When It Don’t Come Easy

“My father was very sure about certain matters pertaining to the universe. To him all good things–trout as well as eternal salvation–come by grace and grace comes by art and art does not come easy.”A River Runs Through It, by Norman McClean 

But if you break down, I'll drive out and find you / If you forget my love, I'll try to remind you / And stay by you when it don't come easy. “When It Don’t Come Easy,” by Patty Griffin 

We are familiar with the challenge “do the hard thing,” and sometimes the hardest thing to do is to pay attention. 

We are distracted. Anxious. Cynical. Hurried. Haunted by ghosts we don’t have time to exorcise. 

But, what if the busy-mindset is a scarcity mindset? What if we have developed a kind of resistance to the “useless” things because they cannot promise results, success, or promotion? What if we have reduced the idea of abundance to a dream that leaves little space for mystery and beauty?

We don’t have to stay on this aimless path.

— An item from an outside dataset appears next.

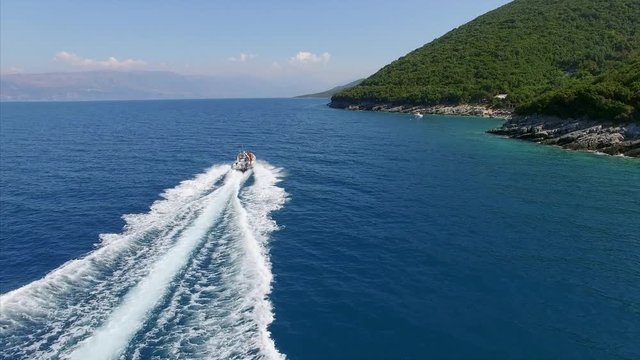 Boat traveling near land in Albania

Artists can be our guides, teaching us the discipline of slowing down, of paying attention. 

The process of making is rooted in attention. It overflows with grace and generosity, never turning away from the harder realities and never without a redemptive posture. The artist helps us to know God because they are sensitive to the quieter movements of new creation. They are stewards of light who push back the boundaries of darkness and hold fast to the reality of renewal. 

But this is not easy work. 

It is work that bears the glory and shame of our humanity, that wrestles with God and demands a blessing, that knows the brush strokes of wounded hands, and that stretches a rough and ready canvas beyond the bounds of earth’s frame. It does not romanticize resurrection but drinks deeply of unfiltered grace – those slow sips that slowly revive the weary soul. 

Cultivating beauty is hard but lasting work. It stirs our imaginations, challenges our despair, and renews our hope. 

Artists, when it don’t come easy, keep going. Keep making. Keep teaching us how to pay attention.